My generation, to be fair, never had a lot to be excited about musically. Those of us that grew up in the 80s, all the greats had called it a day by then, or else, everything we liked someone would say: “oh that sounds like….”
One thing, and I will argue this with anyone, that we did have going for us was hard rock. We had Bon Jovi, Poison, and those of us that liked being sleazy had Love/Hate. Plus we had GnR and Motley. So we weren’t badly off.
Which is why, really, when I review a new band with those classic intentions on the site, I desperately try and avoid being one of “those” blokes. The one who sneers and dismisses everyone under the age of 30 who is playing the rock n roll I grew up with.
Block Buster are a case in point, from Finland and formed by two brothers, Aarni and Jaakko Metsäpelto (which is always cool, as me and my brother formed about a thousand bands when we were growing up and never wrote a song), they are ready to bring their debut album to the world.
And the key to “Losing Gravity” is this. On “Back From The Shadows” Aarni sings this first verse: “Just a kid from the roots, taking over the airwaves. You got me howling, for a pool full of liquor big enough to drown in….”
Before he follows it up with this on the last track, “Bulletproof”. “Killjoys, come back another day, cos I don’t give a damn what you say…..”
That, my friends, is that. This is a bunch of kids living out their fantasies. They are living out your fantasies come to that, and how can you resent that, really? What sort of person would you be if you found fault in that?

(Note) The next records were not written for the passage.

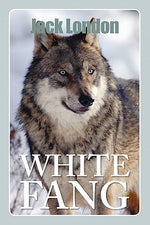 Book cover for White Fang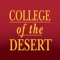The official app of the College of the Desert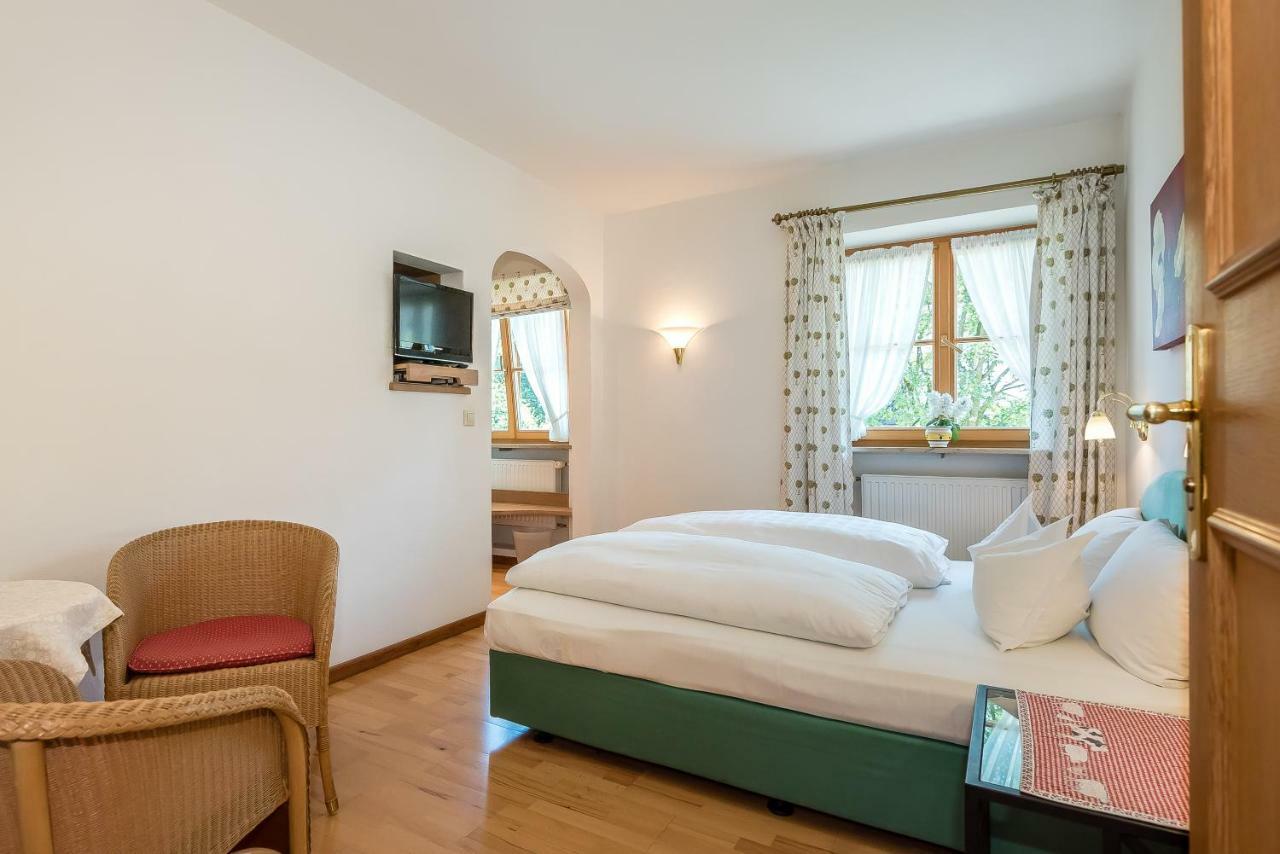 Hotel Garni Gaestehaus Brand Бад-Висзе Экстерьер фото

Musically, there’s a lot of Extreme here – not the rubbish “More Than Words” sort, but the good stuff. Plus what makes them better than usual (aside from the total lack of self-consciousness) is that they mix all this “classic rock” with a youthful exuberance and a modernity.
“Out In The City” the opening thing here, broods a bit, but by the time the solo hits, Elias Salo has gone full-on Slash on your ass, and that’s just fine.
Plus, most of this is catchy as hell, “Gone By The Morning” has a bit of Airbourne gone sleazy about it. It’s get sex on its mind, and good God, if kids can’t use being in a band to get laid, then what’s the world coming to?
“Flammable” essentially likes the idea so much it does it again, with a different girl, probably, but the title track shows a more sensitive side. A bluesy lick, a more laid back approach (albeit they are planning to leave “footprints on the moon”) it provides a palate cleanser before the second half, on which “Sweet Mary Jane” slams like a real glammed up bad boy, and “Somebody To Shock Me” shows Block Buster were listening to Jovi when they opened for them in Helsinki.
One thing they aren’t, however is retro. “Walking A Dog” shines, it really does. Plus, crunch? You bet. “Move” is basically a vehicle for bassist Joonas Arppe to have a little Queen homage and the rest of them to “na, na, na” their heads off and “Would You Do It Again” offers something different, something close to Stereophonics mid-period hadn’t turned up before on this, but if they do get to the arenas they dream of, it will sound great.
“Dream” actually is the operative word. The artwork here. A young couple looking at the stars. And it seems anything is possible. “Losing Gravity” is for those who believe it is.